The fastest and slowest request times are shown, as well as selected
percentiles and the total amount is requests considered.

Note that different metrics are used to select the number of requests per host and for the combined,
so there will likely be differences.

### Time Series CSV Output

It is possible to output the CSV data of analysis using `--analyze.out=filename.csv`
which will write the CSV data to the specified file.

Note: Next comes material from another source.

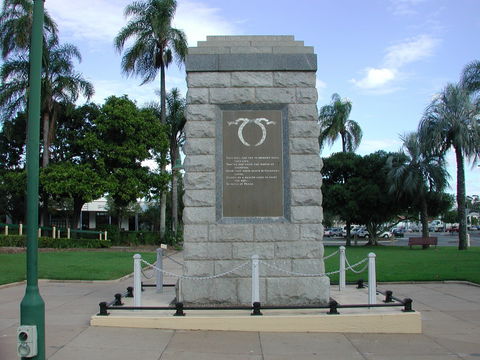 Sandgate War Memorial Park - Kawana Tourism 0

These are the data fields exported:

| Header | Description |
|---------------------|---------------------------------------------------------------------------------------------------|
| `index` | Index of the segment |
| `op` | Operation executed |
| `host` | If only one host, host name, otherwise empty |
| `duration_s` | Duration of the segment in seconds |
| `objects_per_op` | Objects per operation |
| `bytes` | Total bytes of operations (*distributed*) |
| `full_ops` | Operations completely contained within segment |
| `partial_ops` | Operations that either started or ended outside the segment, but was also executed during segment |
| `ops_started` | Operations started within segment |
| `ops_ended` | Operations ended within the segment |
| `errors` | Errors logged on operations ending within the segment |
| `mb_per_sec` | MiB/s of operations within the segment (*distributed*) |
| `ops_ended_per_sec` | Operations that ended within the segment per second |
| `objs_per_sec` | Objects per second processed in the segment (*distributed*) |
| `start_time` | Absolute start time of the segment |
| `end_time` | Absolute end time of the segment |

Some of these fields are *distributed*.
This means that the data of partial operations have been distributed across the segments they occur in.
The bigger a percentage of the operation is within a segment the larger part of it has been attributed there.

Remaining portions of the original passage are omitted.